# Blacktown Gymkhana



## Pinto Pony (Jul 28, 2008)

Any Sydneysiders here that have been to this monthly gymkhana? My mum wants to take Angel out and do the led mare class with her and she said I can take Com for something to do, yay.

Any tips for hacking and led class??? I haven't hacked in years, since high school!


----------



## LizAndCollin101 (Jul 10, 2008)

I haven't been to that gymkhana but here are some tips for the hacking and led classes.


PRESENTATION

Make sure your horse, has a nice shiny coat, plaited nicely (preferably rosettes) good weight (not too fat or thin and has some prettiness/elegance to him.

Hacking is a very precise and elegant sport, requiring the horse and rider to be absolutely spotless. 

So make sure all your is sparkling like a disco ball and yourself clean and tidy.

LED

Your workout for led will be this. Usually your horse will be shown in a bridle (or halter if Quarter Horse). Once again make sure everything is clean and spotless! 
Once you enter the ring you and all your other competitiors will walk around the judge and from there she may pick 4/5 competitors to do a workout or you may all do the workout. 
Usually the workout is walk/trot away from judge present horse side on and trot back again. THat is all that is required. Remember to keep him straight away and to the judge.
AND DONT FORGET TO SMILE!
Also while in the line up dont let your horse rest his leg or have a bored expression on his face - try to keep him interested.


HACKING
Once again clean and tidy ....  The workout will usually be a trot figure eight and canter figure eight ( a simple change ).

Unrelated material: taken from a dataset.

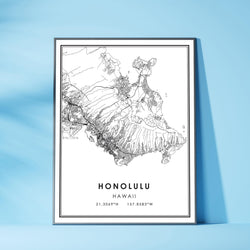 Honolulu, Hawaii Modern Map Print 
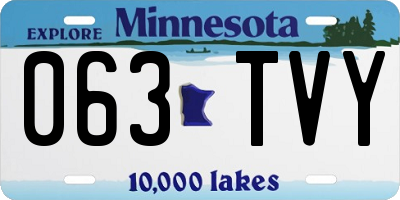 MN license plate 063TVY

The only thing to remember in the hack ring is to show the judge that your horse is calm, responsive and the best.


Good Luck !

Let Me Know How It Goes!

Liz


----------



## Pinto Pony (Jul 28, 2008)

Thanks for the reply, but unfortunately the weather isn't looking too good and I was too lazy to wash them :S Maybe next month I will take Angel. 

But I was practicing my flying changes with Com today just incase hehe


----------